Il suo sguardo, infatti, contemplava ancora il cadavere della donna
castana seduta in terra, con la schiena appoggiata alla parete della
sua stanza: pensò che se non fosse stato per gli occhi rossi
sfoderati contro di loro prima, quel mostro l'avrebbe scambiato per un
umana.
~•~
"Complimenti."-le sorrise Arima, con l'aria stanca di chi non dorme come si deve da giorni.
In
poco tempo, a casa sua erano arrivate diversi colleghi e macchine della
polizia avevano circondato l'isolato, transennato un po' di tutto.
Il cadavere della donna era già stato portato via, per fortuna.
E quel caso, grazie alla foto donatagli dall'albino, poteva dirsi
chiuso.
Ma
lei ancora non riusciva a parlare, a spiegarsi quello che era successo;
a trovare un senso a quell'insieme di peccati che facevano parte del
lavoro:
insomma, lei aveva ucciso.
Non direttamente, certo. Eppure, non aveva fatto niente per impedire ad un mostro di farne a pezzi un altro.
Anzi, si era ordinata di non prendere parte ad un compito che in realtà spettava soltanto a lei.
E nonostante avesse sfruttato un nemico per vincere, aveva vinto e ne stava incassando i meriti.
In
fondo, il suo lavoro era completamente sbagliato: gli investigatori
odiavano i Ghoul e a loro era affidato il solo compito di ucciderli.
Ma, nel frattempo, erano anche costretti a studiarli, a passare giorno
e notte a pensarli; a vedere quelle creature vivere e poi morire.
Erano costretti ad amarli e a volerne sempre più sentir parlare; ad esserne circondati.
"Grazie."
Obbligati
a mentire persino a se stessi, pur di averla vinta sugli aborti di un
mondo imperfetto che comprende anche chi crede di potersi distinguere.
~•~
Microscopiche
gocce di pioggia continuavano, imperterrite, a scagliarsi con
prepotenza sui tetti delle case e sugli ombrelli delle persone in giro
per le strade della città.

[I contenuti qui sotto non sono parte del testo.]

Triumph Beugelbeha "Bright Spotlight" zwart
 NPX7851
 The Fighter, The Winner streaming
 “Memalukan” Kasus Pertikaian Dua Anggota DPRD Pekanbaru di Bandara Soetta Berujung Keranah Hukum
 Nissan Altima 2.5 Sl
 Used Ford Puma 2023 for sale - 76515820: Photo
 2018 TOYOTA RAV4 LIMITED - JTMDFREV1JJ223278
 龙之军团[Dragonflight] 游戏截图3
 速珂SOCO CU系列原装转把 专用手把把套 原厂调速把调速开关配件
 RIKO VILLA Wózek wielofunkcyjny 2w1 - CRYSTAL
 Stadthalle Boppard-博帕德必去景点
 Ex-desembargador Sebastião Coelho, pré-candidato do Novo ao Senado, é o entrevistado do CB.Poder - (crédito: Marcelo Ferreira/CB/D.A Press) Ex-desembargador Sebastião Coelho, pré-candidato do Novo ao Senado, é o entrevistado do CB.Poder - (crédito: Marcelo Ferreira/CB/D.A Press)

Ogni tanto, qualche labile raggio di
sole riusciva a sfuggire alle nuvole grigie in cielo. Poi, tornava
tutto come prima.
Ma
neanche il temporale più funesto fa paura, quando si è
sdraiati sul comodo sofà della propria abitazione, al caldo
dinanzi al caminetto, e le voci della gente in televisione coprono i
rumori di fuori.
Anzi, una pioggia torrenziale è la scusa perfetta per prendersi
una giornata di riposo e restarsene a casa a vegetare per tutta la
giornata:
qualunque
collega disposto ad inchinarsi dinanzi alla bravura dimostrata per la
risoluzione di uno dei casi più difficili, da tempo tra le
scartoffie della CCG, avrebbe ammesso che quella pausa Mado se l'era
meritata.
Qualsiasi
investigatore con un briciolo di capacità di rassegnazione, si
sarebbe congratulato con la sua efficienza e l'energia sfoderata ogni
giorno a lavoro.
Qualunque persona in gamba avrebbe promosso una simile eccellenza e
qualsiasi capo avrebbe concesso più libertà ad un'agente
così capace.
E, difatti, l'investigatrice le ricompense le aveva ottenute eccome.
Peccato che non se le meritava affatto tutte quelle smancerie.
Ma, nonostante tutto, si godeva i benefici che ogni bugia che si rispetti comporta.
E se ne stava sdraiata sul comodo divano in pelle, a non lasciarsi
sfuggire una sola parola dalla signorina alta e slanciata che, con voce
particolarmente stentorea per l'aspetto sfoggiato, informava tutti
coloro in ascolto delle notizie della giornata.
Gli
occhi erano fissi sullo schermo del televisore e la luce artificiale
prodotta da quell'apparecchio illuminava il viso della bionda. La mano
scivolava lentamente sul pelo grigio del gatto disteso accanto a lei.
Tutte le finestre erano chiuse e pesanti tende colorate cadevano
morbidamente sui vetri bianchi: era giorno, ma in quella casa non era
mai stato così buio.
Il
Ghoul che già da alcuni anni ha fatto strage di innocenti
è stato finalmente catturato. Si tratta di una donna sulla
ventina, che da un po' di tempo a questa parte ha operato sempre allo
stesso modo, per uccidere le sue prede. Pur essendo una creatura che si
nutre esclusivamente di carne umana, infatti, sembra che non abbia mai
divorato le vittime assalite. Anzi, i loro corpi sono sempre stati
ritrovati rigorosamente intatti, ma coperti di vistose e profonde
ferite da taglio che hanno causato la morte di diversi uomini.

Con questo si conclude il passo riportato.